I hope you join me on this Lenten journey. If you feel inclined, I also hope you’ll share with me how you’re renewing your relationship with God.

With Love and Prayers,

Chaplain Timothy

Friday, January 16, 2015

MLK Table Talk - Prophets and Partners with God



Below is the weekly chaplain's newsletter called 'Table Talk' that I write for the Lower School division of Holy Innocents' Episcopal School.


(Portrait of MLK by 1st Grader)

Dear Golden Bears and Parents,

Contrary to popular belief, prophets in the Jewish and Christian traditions aren’t fortune-tellers who predict the future. Instead, a prophet is a spokesperson for God who addresses people when they forget how to listen to God and fail lead holy lives of justice and peace.

Prophets often express God’s dismay over broken relationships between humans and they point humanity on the path towards healing.

This week in chapel we remembered how one prophet named John prepared the way for the healing work of Jesus. Before Jesus began his ministry he insisted that John baptize him. As soon as this took place, the Holy Spirit came down upon Jesus like a dove.
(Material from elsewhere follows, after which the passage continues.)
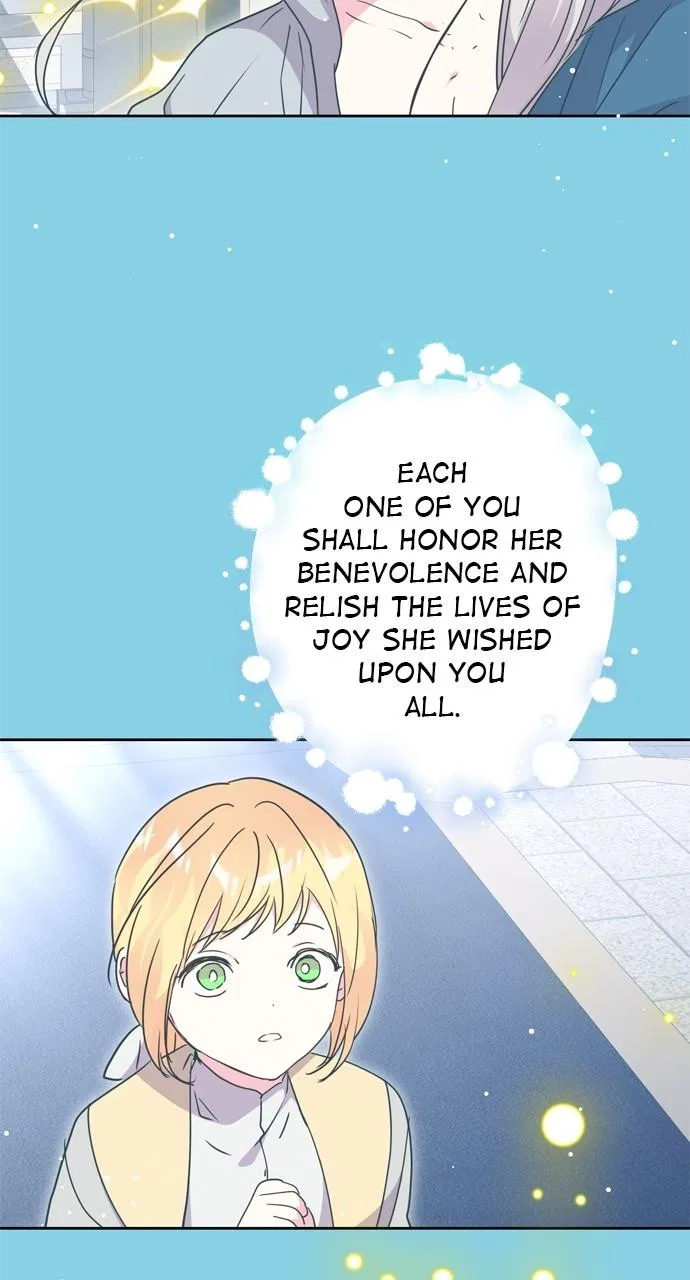 My Husband Changes Every Night Chapter 102 – Page 22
A key point in the story is that the arrival of God’s peace in the world first demands active participation on our behalf.

God partners with humanity to fulfill the kingdom of God, and the story of Jesus and John the Baptist asks us: What are you doing to partner with God and help bring peace into the world?

Martin Luther King, Jr. was a prophet of peace who helped teach the world that if we’re to be partners with God we must actively work to mend the relationships that have been broken by slavery, segregation, and racism. Much healing has taken place since the Civil Right Movement—much still needs to be done.

This weekend I encourage you make the time to reflect and talk with your family about two things:

1.    How have the actions of Martin Luther King and the Civil Rights Movement affected your life and your relationships?

2.    How can your family become better partners with God and help continue the healing work that Martin Luther King did so well.